In cooling operation when the refrigeration cycle device 200 is applied to an air conditioner, for example, the four-way switching valve 103 is connected to the dashed line side in FIG. 5. The high-temperature, high-pressure refrigerant compressed by the scroll compressor 100 flows to the outdoor heat exchanger 104, condenses, and liquefies, and is then decompressed by the pressure reducer 105a to become a low-temperature, low-pressure two-phase state and flows into the gas-liquid separator 107. The saturated liquid refrigerant separated by the gas-liquid separator 107 flows to the indoor heat exchanger 106 via the pressure reducer 105b, evaporates, and gasifies. The gasified refrigerant returns to the scroll compressor 100 again through the four-way switching valve 103. That is, in cooling operation, the refrigerant circulates as shown by the dashed arrow in FIG. 5. Through this circulation, the refrigerant exchanges heat with the indoor air in the indoor heat exchanger 106, which is an evaporator, and absorbs heat from the indoor air. This cools the indoor air. The refrigerant that has absorbed heat is sent to the outdoor heat exchanger 104, which serves as a condenser, where it exchanges heat with the outside air and dissipates heat to the outside air.

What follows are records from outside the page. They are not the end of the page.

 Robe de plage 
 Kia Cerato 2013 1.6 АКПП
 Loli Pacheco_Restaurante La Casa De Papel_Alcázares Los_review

In the above heating and cooling operations, the saturated gas refrigerant separated in the gas-liquid separator 107 is supplied to the scroll compressor 100 through the injection piping 50. The saturated gas refrigerant supplied to the scroll compressor 100 is supplied to the first compression chamber 56a or the second compression chamber 56b through the injection inlet path 4d and the injection port 4e provided in the fixed base plate 4b of the fixed scroll 4. In the refrigeration cycle device 200 equipped with the gas-liquid separator 107, the injection refrigerant is a gas refrigerant, and gas injection is performed.

Here, the refrigeration cycle device 200 equipped with the gas-liquid separator 107 has been described, but the refrigeration cycle device to which the scroll compressor 100 of the present disclosure is applied is not limited to the refrigeration cycle device equipped with the gas-liquid separator 107. The refrigeration cycle device to which the scroll compressor 100 of the present disclosure is applied may be, for example, a refrigeration cycle device that does not include the gas-liquid separator 107 and includes a scroll compressor, a condenser, a pressure reducer, and an evaporator. In this case, the refrigerant between the condenser and the pressure reducer may be branched, and the branched refrigerant may be decompressed and injected into the scroll compressor 100.

As described above, the scroll compressor 100 of the first embodiment includes a compression mechanism 2 having a fixed scroll 4 and an orbiting scroll 3. The compression mechanism 2 compresses the refrigerant in the compression chamber 2b formed by combining the fixed scroll 4 and the orbiting scroll 3a of the orbiting scroll 3 by revolving the orbiting scroll 3 relative to the fixed scroll 4. The compression mechanism 2 has an asymmetrical spiral structure in which the spiral length of the fixed scroll 4a of the fixed scroll 4 is different from the spiral length of the orbiting scroll 3a of the orbiting scroll 3. The fixed base plate 4b is provided with an injection port 4e that supplies the injection refrigerant to the compression chamber 2b. The compression chamber 2b has a first compression chamber 56a formed by the outward surface 3ab of the oscillating scroll 3a and the inward surface 4aa of the fixed scroll 4a, and a second compression chamber 56b formed by the inward surface 3aa of the oscillating scroll 3a and the outward surface 4ab of the fixed scroll 4a. The injection port 4e is formed from a tooth thickness of the oscillating scroll 3a inside the inward surface 4aa of the fixed scroll 4a to a tooth thickness of the oscillating scroll 3a outside the outward surface 4ab of the fixed scroll 4a. The injection port 4e is formed at a position that communicates with the second compression chamber 56b when the suction of the refrigerant is completed.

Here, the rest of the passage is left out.